One thing that made my day recently was "Logic Programming and Compiler
Writing" by David Warren, 1980; (
[https://news.ycombinator.com/item?id=17674859](https://news.ycombinator.com/item?id=17674859)
) about using Prolog to implement compilers. I was in the middle of writing a
compiler for Joy (PL) in Python and it opened my eyes to Prolog. It turns out
I've been working too hard. After a quarter of a century I've pretty much
given up imperative languages and my productivity has gone way up (more
functionality from less code, with fewer bugs, written in less time.)

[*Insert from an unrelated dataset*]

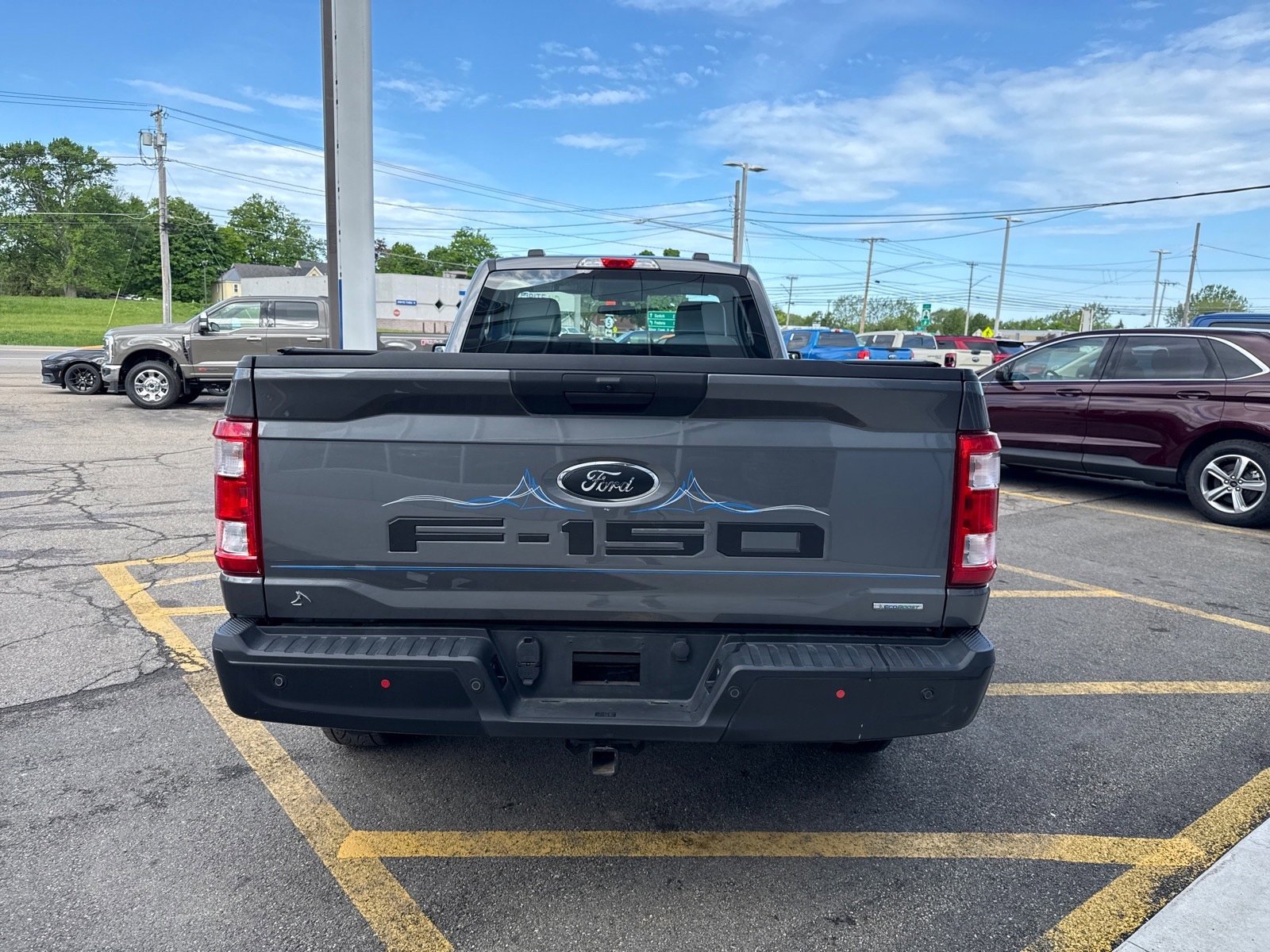 Used 2021 Ford F150 XL w/ Trailer Tow Package AWD/4WD image 4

Ooo, and one time I got to interact with Alan Kay!

------
crobertsbmw
Every once in a while I get a new insight into something I want to learn, or a
new book to read. It's also my primary news source. I'm sure I could find an
alternative if HN shut down tomorrow, but it's pretty much how I know about
what's going on in the world.

------
brixon
I learn a lot. I'm the one management goes to when people ask to use a new
tool or process. 95% of the time I have already heard about it and have a
basic understanding of it due to HN. I describe what it is, how it relates to
other stuff we already use and if it has merit to try out. I look super smart
when I can answer on the spot. HN is a good filter to focus me on tools and
processes that people might actually use or want to use.

------
Apreche
Yes. I was once young and naive. I wanted to work for a cool startup or a big
tech company like Google, Amazon, Microsoft, etc.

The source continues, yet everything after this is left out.